● YOUR TASK
Set all the entries down once more, with nothing altered.

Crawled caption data
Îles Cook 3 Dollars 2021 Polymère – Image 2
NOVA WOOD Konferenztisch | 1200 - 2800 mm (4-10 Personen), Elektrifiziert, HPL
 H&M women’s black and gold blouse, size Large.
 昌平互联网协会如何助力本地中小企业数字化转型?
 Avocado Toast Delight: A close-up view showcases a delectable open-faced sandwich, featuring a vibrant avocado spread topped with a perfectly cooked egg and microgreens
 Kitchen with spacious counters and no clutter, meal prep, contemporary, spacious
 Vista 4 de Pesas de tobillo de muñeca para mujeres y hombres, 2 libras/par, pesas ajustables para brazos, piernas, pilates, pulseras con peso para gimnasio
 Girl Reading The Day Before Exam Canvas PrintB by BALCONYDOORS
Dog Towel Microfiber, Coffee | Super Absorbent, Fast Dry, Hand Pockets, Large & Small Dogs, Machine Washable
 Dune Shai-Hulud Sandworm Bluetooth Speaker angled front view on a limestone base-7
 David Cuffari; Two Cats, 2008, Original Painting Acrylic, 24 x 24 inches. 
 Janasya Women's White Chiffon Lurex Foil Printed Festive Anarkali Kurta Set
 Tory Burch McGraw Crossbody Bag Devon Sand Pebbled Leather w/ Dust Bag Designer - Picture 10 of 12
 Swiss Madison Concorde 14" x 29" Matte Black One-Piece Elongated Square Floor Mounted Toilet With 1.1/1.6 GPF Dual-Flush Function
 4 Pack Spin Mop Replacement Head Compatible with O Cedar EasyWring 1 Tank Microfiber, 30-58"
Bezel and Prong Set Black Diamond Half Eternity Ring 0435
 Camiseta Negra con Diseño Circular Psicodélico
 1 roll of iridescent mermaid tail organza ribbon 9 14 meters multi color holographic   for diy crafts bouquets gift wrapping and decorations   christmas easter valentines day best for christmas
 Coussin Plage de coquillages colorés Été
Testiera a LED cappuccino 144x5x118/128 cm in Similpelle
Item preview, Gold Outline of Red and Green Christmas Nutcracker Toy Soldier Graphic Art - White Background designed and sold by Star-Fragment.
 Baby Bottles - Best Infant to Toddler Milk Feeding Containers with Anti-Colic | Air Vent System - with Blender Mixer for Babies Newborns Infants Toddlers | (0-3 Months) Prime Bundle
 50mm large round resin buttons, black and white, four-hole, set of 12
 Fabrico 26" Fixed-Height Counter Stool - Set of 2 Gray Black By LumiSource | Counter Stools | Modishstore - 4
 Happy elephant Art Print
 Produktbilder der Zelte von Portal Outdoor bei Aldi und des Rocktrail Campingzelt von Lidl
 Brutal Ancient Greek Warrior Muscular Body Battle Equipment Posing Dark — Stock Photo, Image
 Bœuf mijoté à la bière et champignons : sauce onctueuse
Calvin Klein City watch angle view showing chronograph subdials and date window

● RESPONSE TO THE TASK
Îles Cook 3 Dollars 2021 Polymère – Image 2
NOVA WOOD Konferenztisch | 1200 - 2800 mm (4-10 Personen), Elektrifiziert, HPL
 H&M women’s black and gold blouse, size Large.
 昌平互联网协会如何助力本地中小企业数字化转型?
 Avocado Toast Delight: A close-up view showcases a delectable open-faced sandwich, featuring a vibrant avocado spread topped with a perfectly cooked egg and microgreens
 Kitchen with spacious counters and no clutter, meal prep, contemporary, spacious
 Vista 4 de Pesas de tobillo de muñeca para mujeres y hombres, 2 libras/par, pesas ajustables para brazos, piernas, pilates, pulseras con peso para gimnasio
 Girl Reading The Day Before Exam Canvas PrintB by BALCONYDOORS
Dog Towel Microfiber, Coffee | Super Absorbent, Fast Dry, Hand Pockets, Large & Small Dogs, Machine Washable
 Dune Shai-Hulud Sandworm Bluetooth Speaker angled front view on a limestone base-7
 David Cuffari; Two Cats, 2008, Original Painting Acrylic, 24 x 24 inches. 
 Janasya Women's White Chiffon Lurex Foil Printed Festive Anarkali Kurta Set
 Tory Burch McGraw Crossbody Bag Devon Sand Pebbled Leather w/ Dust Bag Designer - Picture 10 of 12
 Swiss Madison Concorde 14" x 29" Matte Black One-Piece Elongated Square Floor Mounted Toilet With 1.1/1.6 GPF Dual-Flush Function
 4 Pack Spin Mop Replacement Head Compatible with O Cedar EasyWring 1 Tank Microfiber, 30-58"
Bezel and Prong Set Black Diamond Half Eternity Ring 0435
 Camiseta Negra con Diseño Circular Psicodélico
 1 roll of iridescent mermaid tail organza ribbon 9 14 meters multi color holographic   for diy crafts bouquets gift wrapping and decorations   christmas easter valentines day best for christmas
 Coussin Plage de coquillages colorés Été
Testiera a LED cappuccino 144x5x118/128 cm in Similpelle
Item preview, Gold Outline of Red and Green Christmas Nutcracker Toy Soldier Graphic Art - White Background designed and sold by Star-Fragment.
 Baby Bottles - Best Infant to Toddler Milk Feeding Containers with Anti-Colic | Air Vent System - with Blender Mixer for Babies Newborns Infants Toddlers | (0-3 Months) Prime Bundle
 50mm large round resin buttons, black and white, four-hole, set of 12
 Fabrico 26" Fixed-Height Counter Stool - Set of 2 Gray Black By LumiSource | Counter Stools | Modishstore - 4
 Happy elephant Art Print
 Produktbilder der Zelte von Portal Outdoor bei Aldi und des Rocktrail Campingzelt von Lidl
 Brutal Ancient Greek Warrior Muscular Body Battle Equipment Posing Dark — Stock Photo, Image
 Bœuf mijoté à la bière et champignons : sauce onctueuse
Calvin Klein City watch angle view showing chronograph subdials and date window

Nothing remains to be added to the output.